It was all over the papers
recently that a border collie named Rico recognized 200 human
words. That prompted owners of other breeds to write letters to the
editor in defense of their breeds.

One trainer said
motivation is critical. Another observed that border collies are
“acutely sensitive to motion.” I think they all got it wrong.

If you read closely, everybody was pointing out that
humans are the benchmark. Even the researcher who made Rico famous
concluded that the dog acquired words the way we do, through a
process he called fast mapping, implying, I suppose, that we should
think more of Rico and his canine buddies because they learn like
our children.

But dogs aren’t human, and what dogs
have to teach us is dogness, and, in the larger context, what
animalness is all about. It’s different, for one thing. Dogs
smell better than we do, they hear better than we do, they act on
their instincts a whole lot better than we do. They have no sense
of time, and they adapt cheerfully to their current lot in life
without angst.

Why not compare us to them? Find the one
or two humans who can sniff out a bowl of dry kibble and
voila! we have a human with some of the
important attributes of dog.

Like humans, when it comes
to this or that special characteristic, this or that breed of dog
has it over others. Golden retrievers, which were originally bred
to retrieve waterfowl, will bring you anything from a soggy
pinecone to your neighbor’s tennis ball.

Border
collies will neatnick up any messy situation. My 13-year-old
old-timer knows that my 2-year-old granddaughter should not wander
too far from me. So the dog selects a certain distance that both of
them feel comfortable with, then shortens it when he decides the
child is traveling too far.

Another thing that’s
different about border collies — and here I am in danger of
joining the my-dog’s-better-than-your-dog crowd — is
that their instinct lies so close to the surface. A trainer once
advised me that border collies come out of the womb herding,
convinced their owners need training.

The trainer called
“sheepdog-trialing” a sport, and that’s the way I went at it.
Who cared what the dogs did moving sheep around on a huge open
range in Meeker, Colo., my job was to get them through an obstacle
course in an arena. The second or third time I tried it, it was six
o’clock on a cold fall evening, in a dark arena, the darkness
dotted here and with halos from pole-mounted spotlights.

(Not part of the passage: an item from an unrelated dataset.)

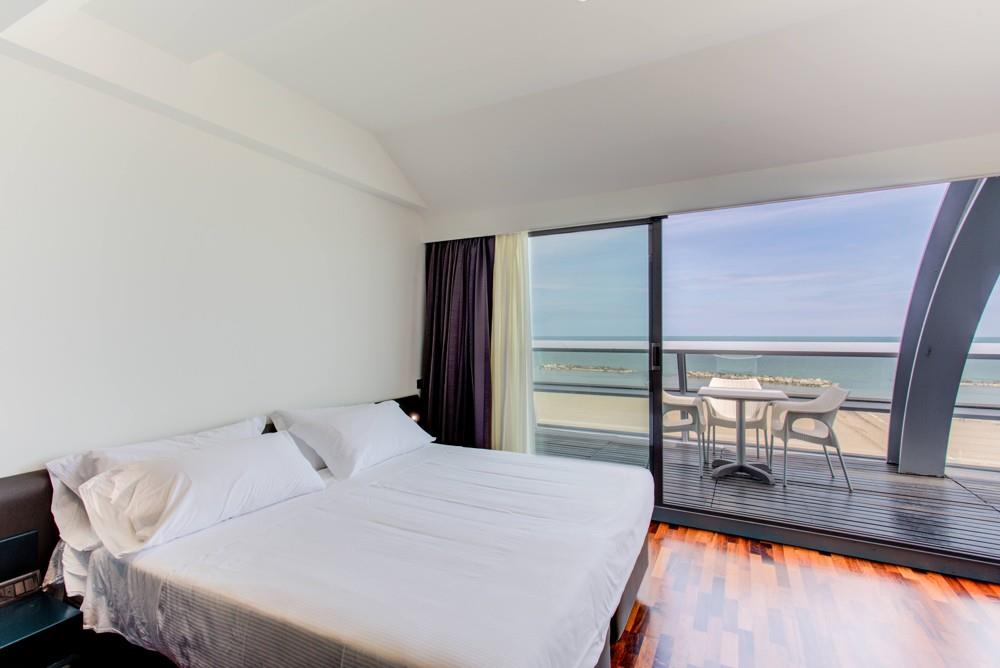6. Hotel Kursaal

I sent the dog after the sheep and immediately lost her in the
dark. I couldn’t see to help, but she didn’t need it.
She brought the stock back to me evenly out of the darkness, and I
struggled to remember what came next. Back up, give the dog space
to move the sheep through the first gate, give her a command to
slow down. She came to the conclusion about cutting her speed about
the same time I did, and we sailed through the first gate like a
tightly trimmed skiff under full sail.

When we got to the
second gate, I felt her rhythm and stepped back to watch her drive
them through. We were a team: My part was knowing enough to let the
dog do what she knew how to do, hers not to unsettle the sheep and
cause me to fly off the handle. When we reached the pen, I almost
ruined it when I got so excited I forgot to open the gate; the
sheep scattered. But the dog turned and sprinted in a wide arc
around the arena and brought them back again.

I used to
tell people that what happened in the dark arena was my first
experience with the highfalutin’ notion we humans call
cross-species communication. It felt like the dog and I were tied
together with a string running between us. It was my first
experience with animalness: The dog drew me into her world, and I
cheerfully waved mine good-bye.

What does it boil down
to? I like what my veterinarian told me: “You gotta let a dog be a
dog.”

Penelope Grenoble O’Malley is a
contributor to Writers on the Range, a service of High
Country News
(hcn.org). She lives in Southern California;
her new book is Malibu Diary: Notes from an Urban
Refugee
, published by the University of Nevada
Press.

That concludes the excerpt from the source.